▸ **Work item**
Everything in the records must be copied exactly, apart from the pictures.

▸ **Entries supplied**
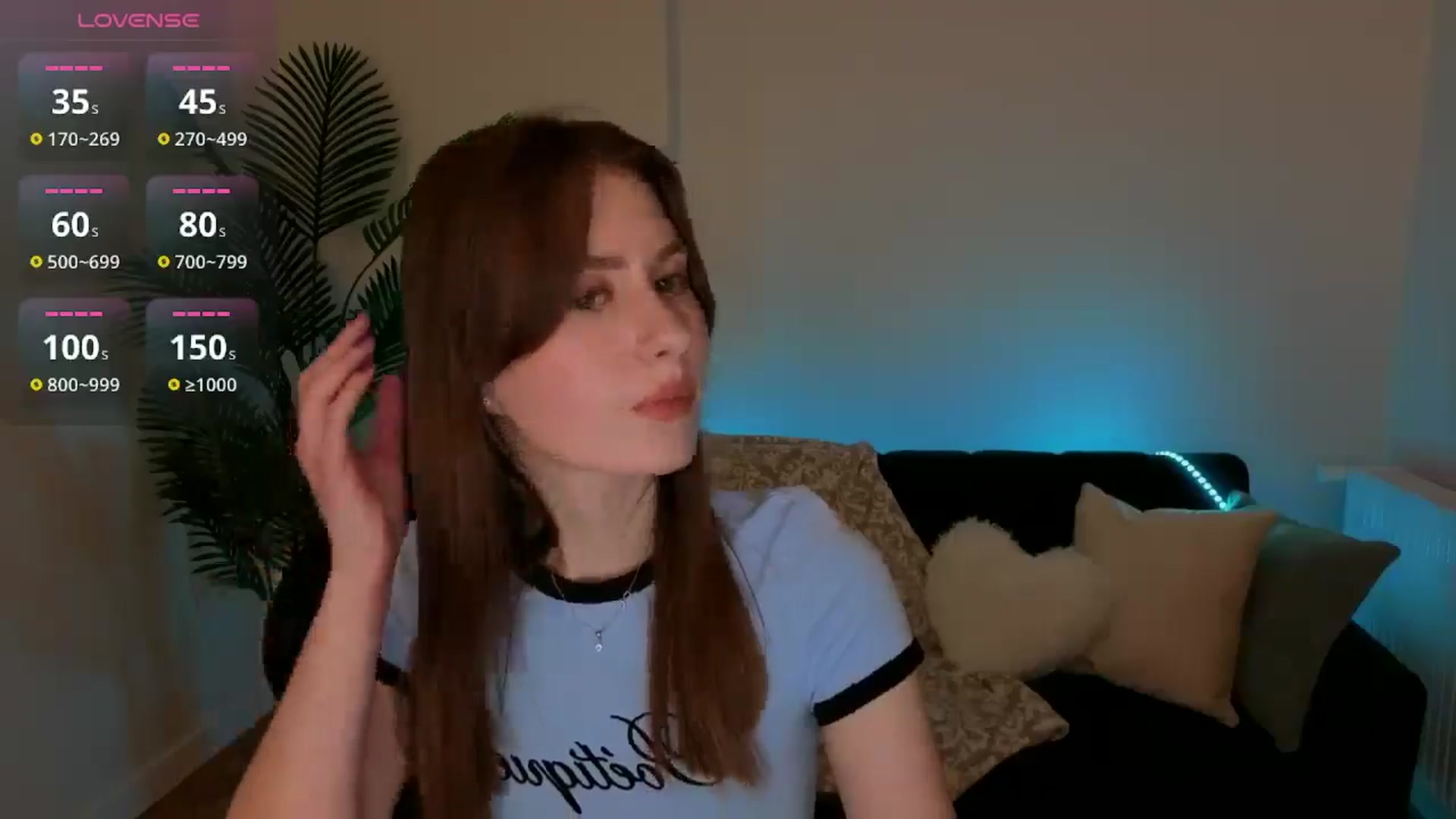 Gallery image thumbnail from Meliora's myfreecams stream on, 01/28/2026, 20:46 image 17 of 20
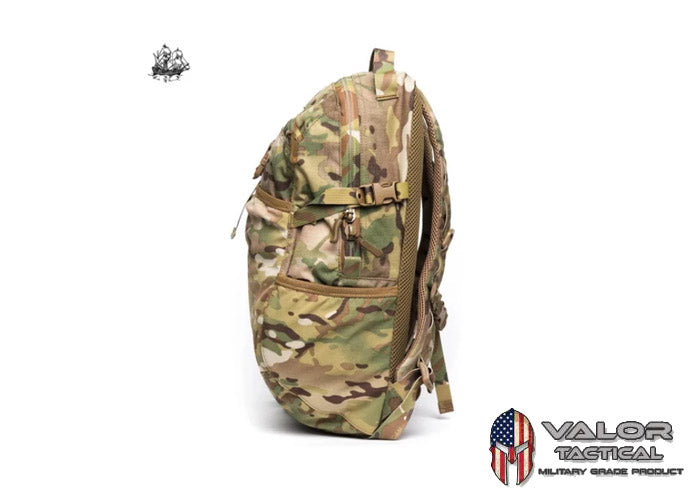 Velocity Systems - 48 HOUR ASSAULT PACK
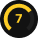 FACEIT level 7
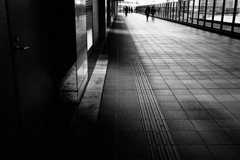 Osaka Station  #02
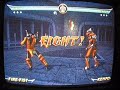 Firex X Sektor-Mortal Kombat Armageddon Firex X Sektor-Mortal Kombat Armageddon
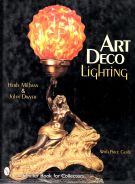 Art Deco Lighting With Price Guide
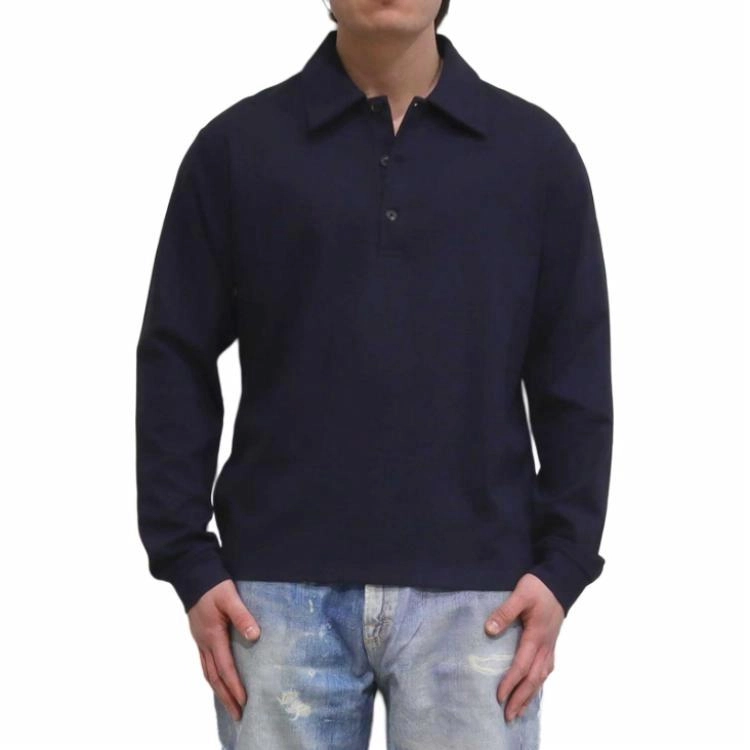 OUR LEGACY PoloPolo
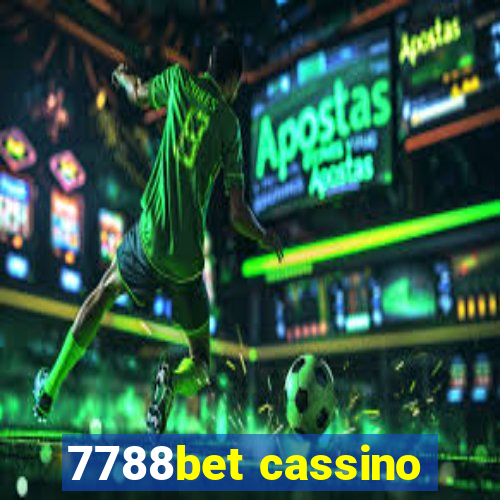 7788bet cassino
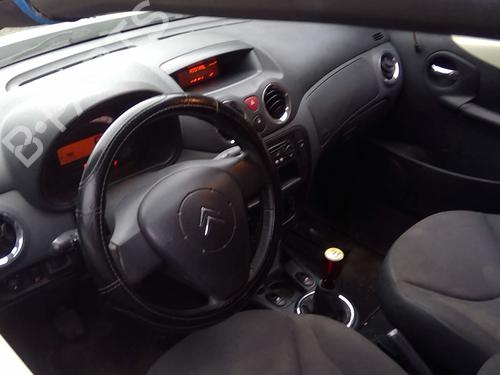 Front right window mechanism CITROËN C3 Pluriel (HB_) 1.4 HDi | BP26453725C23  - Image 10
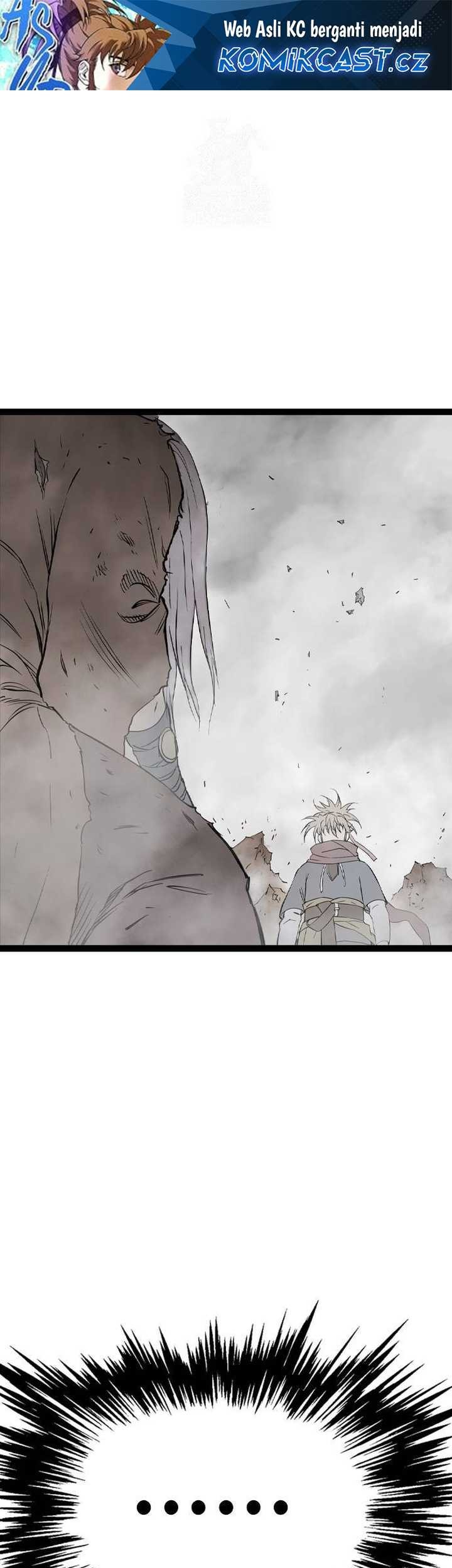 Asura (Ryu Ki-Un) Bab 21 halaman 2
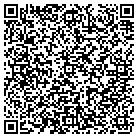 QR code with L N Concrete Materials Corp contacts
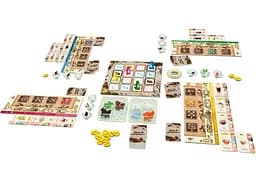 Настільна гра Games 7 Days Моя кав'ярня (Coffee Rush) (укр.) (MKV01UA) - мініатюра 8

▸ **Result for this exercise**
 Gallery image thumbnail from Meliora's myfreecams stream on, 01/28/2026, 20:46 image 17 of 20
 Velocity Systems - 48 HOUR ASSAULT PACK
 FACEIT level 7
 Osaka Station  #02
 Firex X Sektor-Mortal Kombat Armageddon Firex X Sektor-Mortal Kombat Armageddon
 Art Deco Lighting With Price Guide
 OUR LEGACY PoloPolo
 7788bet cassino
 Front right window mechanism CITROËN C3 Pluriel (HB_) 1.4 HDi | BP26453725C23  - Image 10
 Asura (Ryu Ki-Un) Bab 21 halaman 2
 QR code with L N Concrete Materials Corp contacts
 Настільна гра Games 7 Days Моя кав'ярня (Coffee Rush) (укр.) (MKV01UA) - мініатюра 8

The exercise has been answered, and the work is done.